Sinkt der Arbeitslohn infolge eines Wertfalls der Arbeitskraft (womit sogar Steigen im realen Preis der Arbeit verbunden sein kann), so wird also ein Teil des Kapitals, der bisher in Arbeitslohn ausgelegt war, freigesetzt. Es findet Freisetzung von variablem Kapital statt. Für neu anzulegendes Kapital hat dies einfach die Wirkung, daß es mit erhöhter Rate des Mehrwerts arbeitet. Es wird mit weniger Geld als früher dasselbe Quantum Arbeit in Bewegung gesetzt, und so erhöht sich der unbezahlte Teil der Arbeit auf Kosten des bezahlten. Aber für bisher beschäftigtes Kapital erhöht sich nicht nur die Rate des Mehrwerts, sondern außerdem wird ein[124] Teil des bisher in Arbeitslohn ausgelegten Kapitals frei. Er war bisher gebunden und bildete einen ständigen Teil, der vom Erlös des Produkts abging, in Arbeitslohn ausgelegt werden, als variables Kapital fungieren mußte, sollte das Geschäft auf der alten Stufenleiter fortgehn. Jetzt wird dieser Teil disponibel und kann also benutzt werden als neue Kapitalanlage, sei es zur Erweiterung desselben Geschäfts, sei es zur Funktion in einer andern Produktionssphäre.

Nehmen wir z.B. an, es seien anfänglich 500 Pfd. St. erheischt gewesen, um 500 Arbeiter wöchentlich in Bewegung zu setzen, und es seien jetzt nur noch 400 Pfd. St. dazu erheischt. Dann war, wenn die Masse des produzierten Werts beidemal = 1000 Pfd. St., die Masse des wöchentlichen Mehrwerts das erstemal = 500 Pfd. St., die Mehrwertsrate 500/500 = 100%; aber nach der Lohnsenkung wird die Masse des Mehrwerts 1000 Pfd. St. – 400 Pfd. St. = 600 Pfd. St. und seine Rate 600/400 = 150%. Und diese Erhöhung der Mehrwertsrate ist die einzige Wirkung für den, der mit einem variablen Kapital von 400 Pfd. St. und entsprechendem konstanten Kapital ein neues Geschäft in derselben Produktionssphäre anlegt. Aber in einem bereits fungierenden Geschäft ist in diesem Fall nicht nur infolge der Entwertung des variablen Kapitals die Mehrwertsmasse von 500 auf 600 Pfd.
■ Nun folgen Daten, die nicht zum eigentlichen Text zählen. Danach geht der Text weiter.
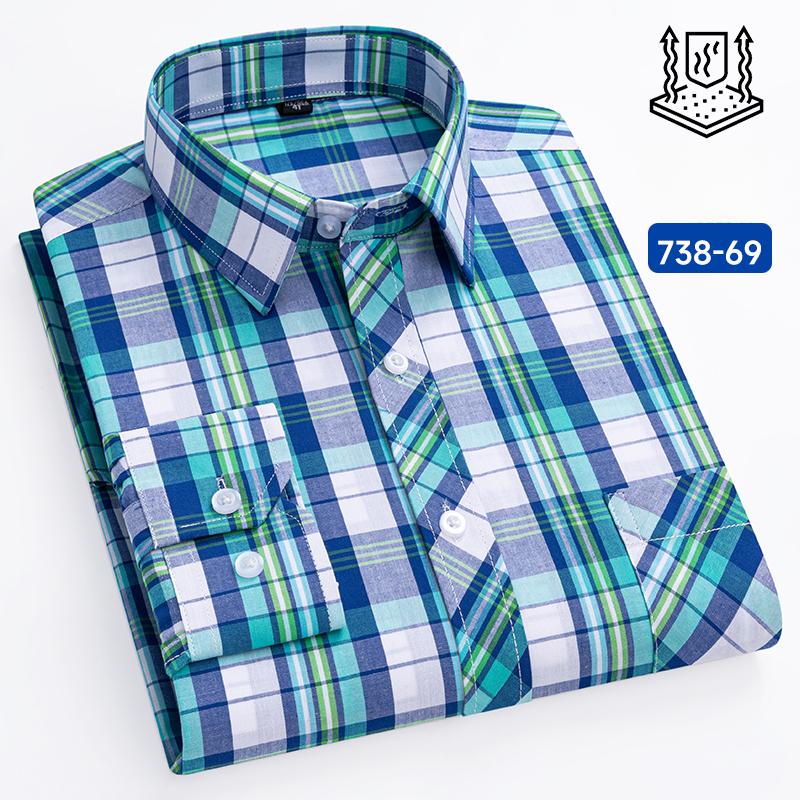 Neu im Hemd 100% Baumwolle Langarmhemden für Herren dünn slim fit formell einfarbiges Hemd karierte Designer-Oberteile Büro elegante Kleidung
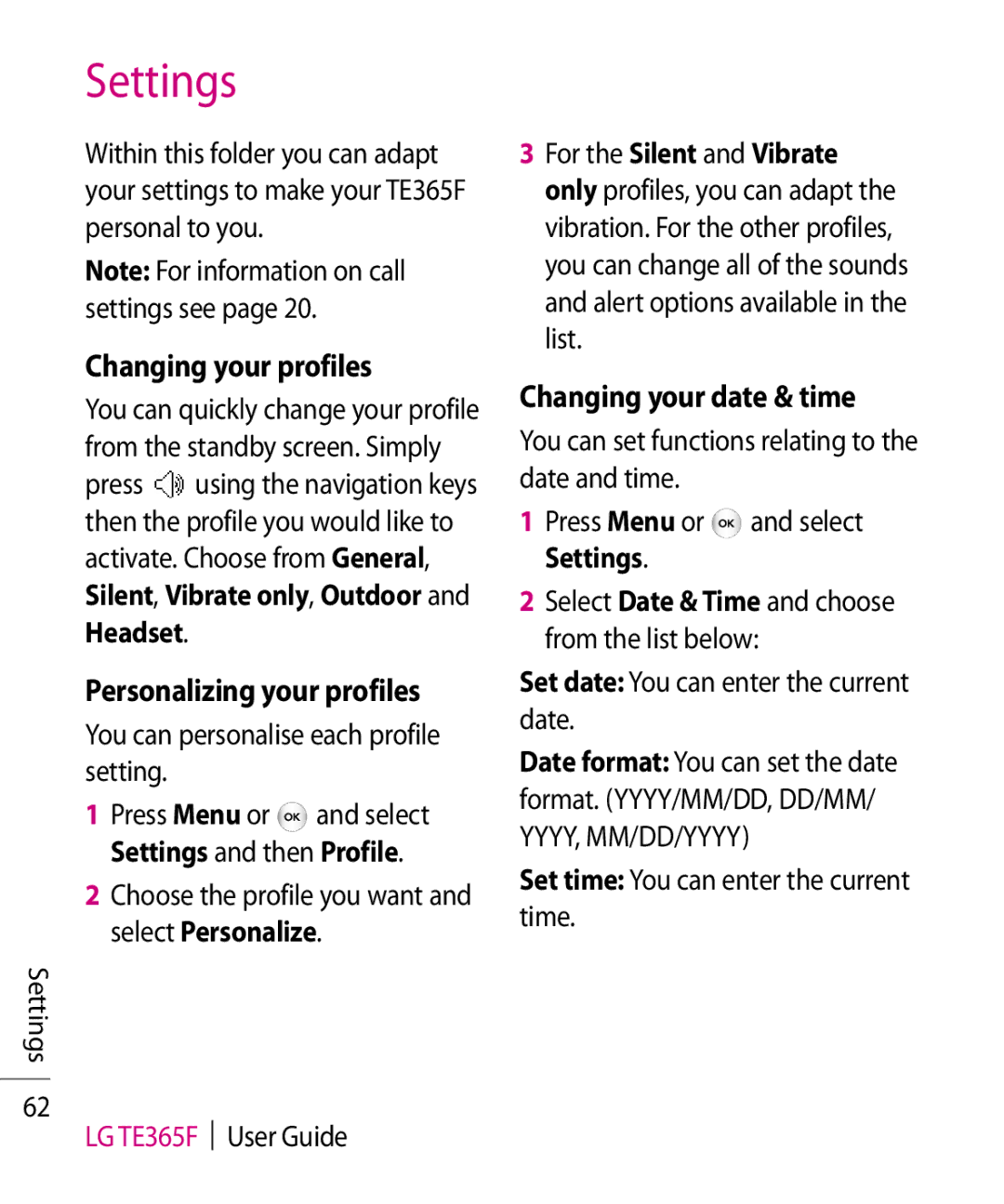 LG Electronics TE365F manual Settings, Changing your profiles, Personalizing your profiles, Changing your date & time 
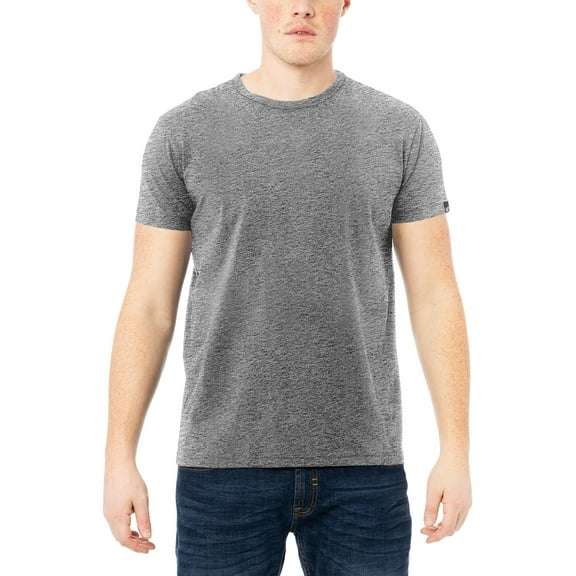 X RAY JEANS Mens Basic Crewneck Short Sleeve T-Shirt, Charcoal, L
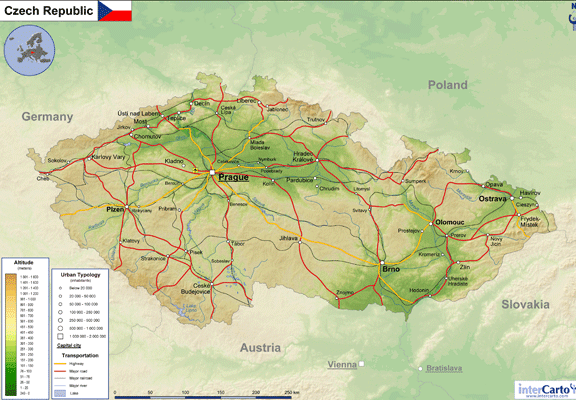 czech republic physical map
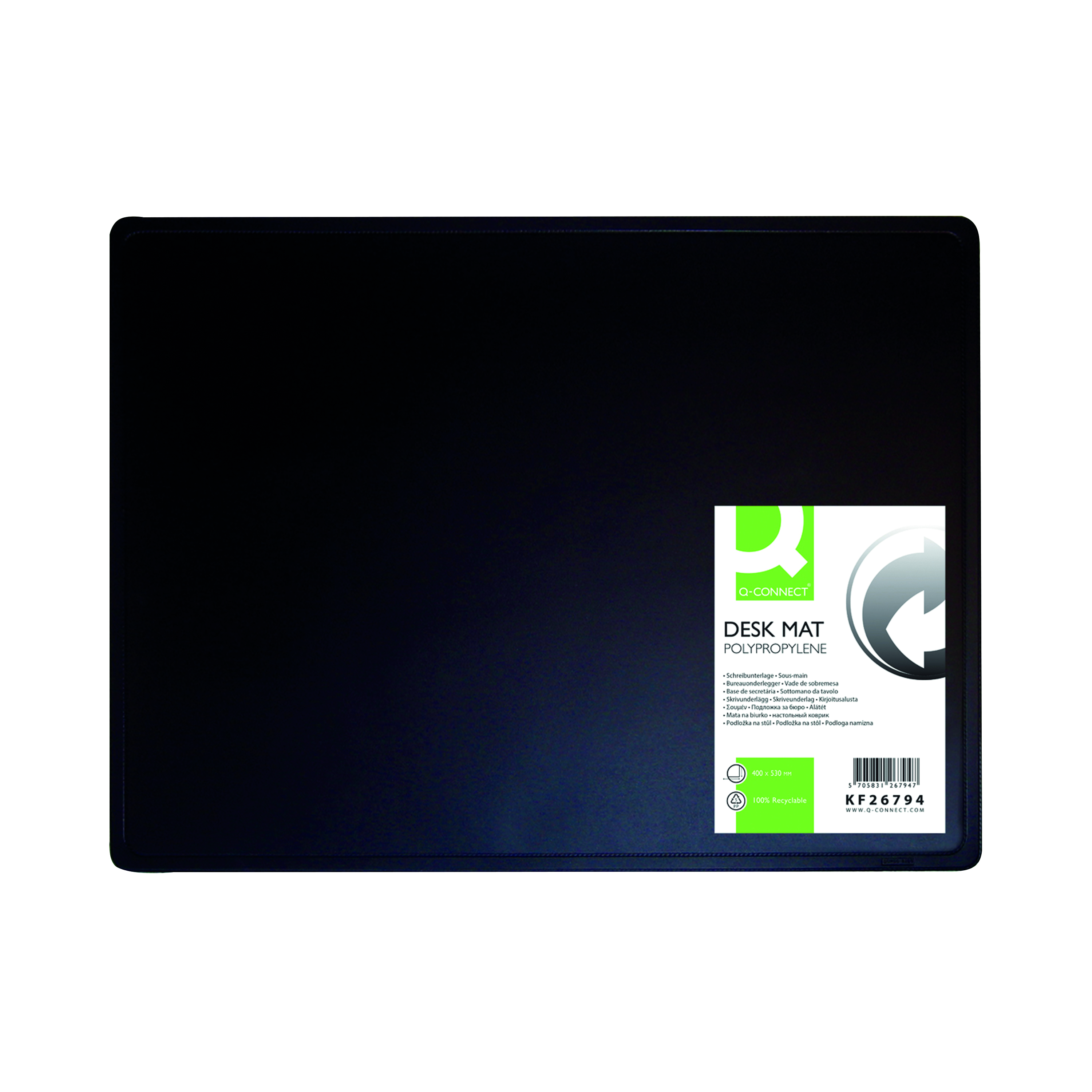 Q-Connect+PP+Desk+Mat+with+Non-Slip+Surface+40x53+Black+KF26794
St. und die Mehrwertsrate von 100 auf 150% gestiegen; es sind außerdem 100 Pfd. St. vom variablen Kapital freigesetzt, mit denen wieder Arbeit exploitiert werden kann. Dieselbe Arbeitsmenge wird also nicht nur vorteilhafter exploitiert, sondern es können auch durch die Freisetzung der 100 Pfd. St. mit demselben variablen Kapital von 500 Pfd. St. mehr Arbeiter als zuvor zu der erhöhten Rate exploitiert werden.
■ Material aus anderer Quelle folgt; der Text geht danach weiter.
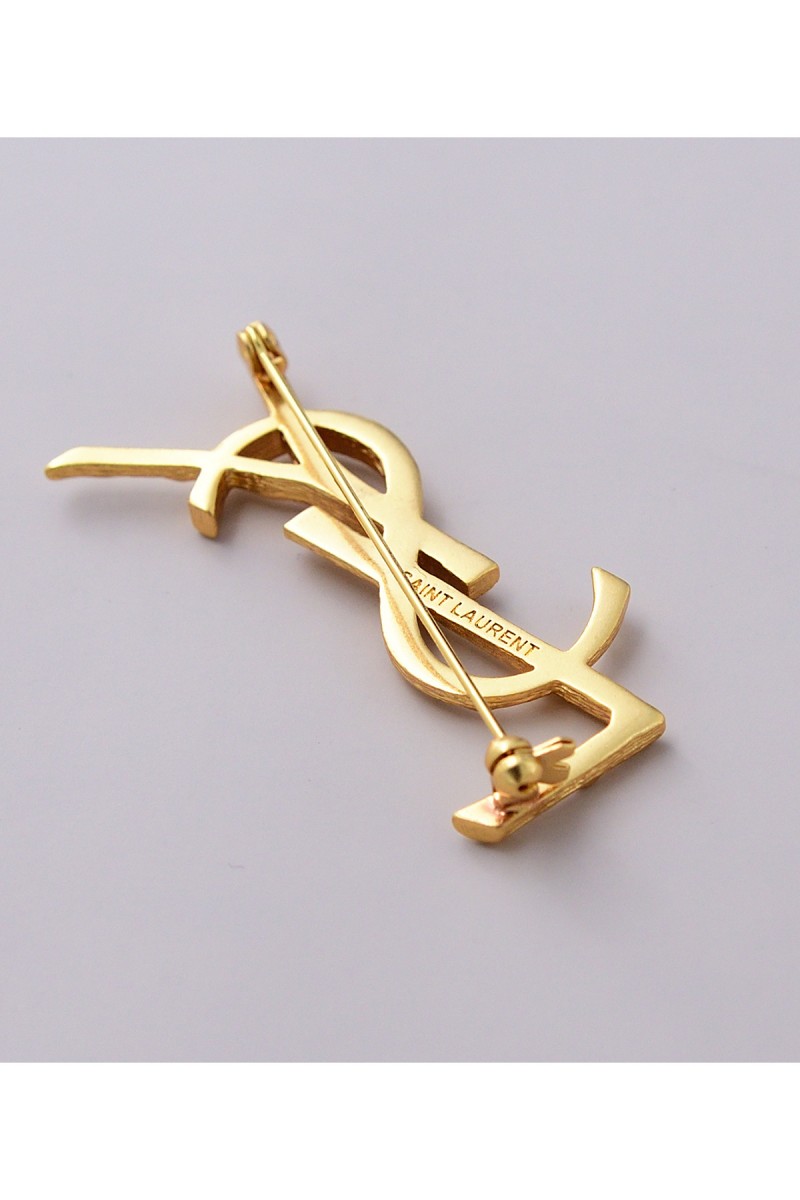 Yves Saint Laurent, Unisex Brooch, Gold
Nun umgekehrt. Gesetzt, das ursprüngliche Verhältnis der Produktverteilung, bei 500 beschäftigten Arbeitern, sei = 400v + 600m = 1000, also die Rate des Mehrwerts = 150%. Der Arbeiter erhält also hier wöchentlich 4/5 Pfd. St. = 16 Schillinge. Wenn infolge der Wertsteigerung des variablen Kapitals 500 Arbeiter nun wöchentlich 500 Pfd. St. kosten, so wird der Wochenlohn eines jeden = 1 Pfd. St., und 400 Pfd. St. können nur 400 Arbeiter in Bewegung setzen. Wird also dieselbe Arbeiteranzahl wie bisher in Bewegung gesetzt, so haben wir 500v + 500m = 1000; die Rate des Mehrwerts wäre gesunken von 150 auf 100%, also um 1/3. Für ein neu anzulegendes Kapital wäre dies die einzige Wirkung, daß die Rate des Mehrwerts geringer wäre. Bei sonst gleichen Umständen wäre die Profitrate entsprechend gesunken, wenn auch nicht im selben Verhältnis. Wenn[125] z.B. c = 2000, so haben wir in einem Fall 2000c + 400v + 600m = 3000. m' = 150%, p' = 600/2400 = 25%. Im zweiten Fall 2000c + 500v + 500m = 3000, m' = 100%; p' = 500/2500 = 20%. Dagegen für das bereits engagierte Kapital wäre die Wirkung doppelt. Mit 400 Pfd. St. variablem Kapital können jetzt nur 400 Arbeiter beschäftigt werden, und zwar zu einer Mehrwertsrate von 100%. Sie geben also nur einen Gesamtmehrwert von 400 Pfd. St. Da ferner ein konstantes Kapital vom Wert von 2000 Pfd. St. 500 Arbeiter erfordert, um es in Bewegung zu setzen, so setzen 400 Arbeiter nur ein konstantes Kapital zum Wert von 1600 Pfd. St. in Bewegung. Soll also die Produktion auf der bis herigen Stufe fortgeführt und nicht 1/5 der Maschinerie stillgesetzt werden, so muß das variable Kapital um 100 Pfd. St. erhöht werden, um nach wie vor 500 Arbeiter zu beschäftigen; und dies ist nur möglich dadurch, daß bisher disponibles Kapital gebunden wird, indem ein Teil der Akkumulation, der zur Ausdehnung dienen sollte, jetzt bloß zur Ausfüllung dient oder ein zur Verausgabung als Revenue bestimmter Teil dem alten Kapital zugeschlagen wird. Mit einer um 100 Pfd. St. vermehrten Auslage an variablem Kapital wird dann 100 Pfd. St. weniger Mehrwert produziert. Um dieselbe Anzahl Arbeiter in Bewegung zu setzen, ist mehr Kapital nötig, und zugleich ist der Mehrwert verringert, den jeder einzelne Arbeiter liefert.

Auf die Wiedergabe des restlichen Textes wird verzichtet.